### Exercise
Pick out and copy every line below that has the word "para".

_ _ _ _

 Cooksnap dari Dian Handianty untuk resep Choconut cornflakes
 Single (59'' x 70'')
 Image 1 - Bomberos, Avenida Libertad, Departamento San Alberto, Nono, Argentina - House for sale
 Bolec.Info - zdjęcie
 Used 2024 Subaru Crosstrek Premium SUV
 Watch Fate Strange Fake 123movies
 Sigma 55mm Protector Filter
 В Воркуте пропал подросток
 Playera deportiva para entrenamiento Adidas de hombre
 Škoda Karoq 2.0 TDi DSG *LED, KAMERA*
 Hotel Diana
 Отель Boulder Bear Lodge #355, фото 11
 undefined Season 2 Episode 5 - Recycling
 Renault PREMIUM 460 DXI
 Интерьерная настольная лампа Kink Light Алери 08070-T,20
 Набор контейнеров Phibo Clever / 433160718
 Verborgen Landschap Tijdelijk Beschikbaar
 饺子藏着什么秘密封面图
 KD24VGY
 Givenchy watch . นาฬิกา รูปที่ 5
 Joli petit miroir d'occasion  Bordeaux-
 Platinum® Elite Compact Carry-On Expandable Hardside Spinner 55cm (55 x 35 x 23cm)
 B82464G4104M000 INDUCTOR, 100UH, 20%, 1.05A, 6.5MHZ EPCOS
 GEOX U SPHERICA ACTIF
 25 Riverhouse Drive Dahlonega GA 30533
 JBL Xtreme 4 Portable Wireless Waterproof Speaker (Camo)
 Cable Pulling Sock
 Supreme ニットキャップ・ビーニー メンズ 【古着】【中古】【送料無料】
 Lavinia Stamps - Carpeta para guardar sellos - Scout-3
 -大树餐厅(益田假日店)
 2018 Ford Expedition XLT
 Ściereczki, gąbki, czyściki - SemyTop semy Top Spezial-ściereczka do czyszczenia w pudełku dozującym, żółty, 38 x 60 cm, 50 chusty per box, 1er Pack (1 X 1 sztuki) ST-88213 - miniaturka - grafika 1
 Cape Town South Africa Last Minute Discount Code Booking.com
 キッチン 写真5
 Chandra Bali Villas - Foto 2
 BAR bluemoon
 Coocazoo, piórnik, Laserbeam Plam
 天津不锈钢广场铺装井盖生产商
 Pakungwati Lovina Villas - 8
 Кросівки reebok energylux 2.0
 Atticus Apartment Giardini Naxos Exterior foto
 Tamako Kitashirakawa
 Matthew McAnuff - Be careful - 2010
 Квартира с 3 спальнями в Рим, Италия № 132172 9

_ _ _ _

### Task result
 Playera deportiva para entrenamiento Adidas de hombre
 Lavinia Stamps - Carpeta para guardar sellos - Scout-3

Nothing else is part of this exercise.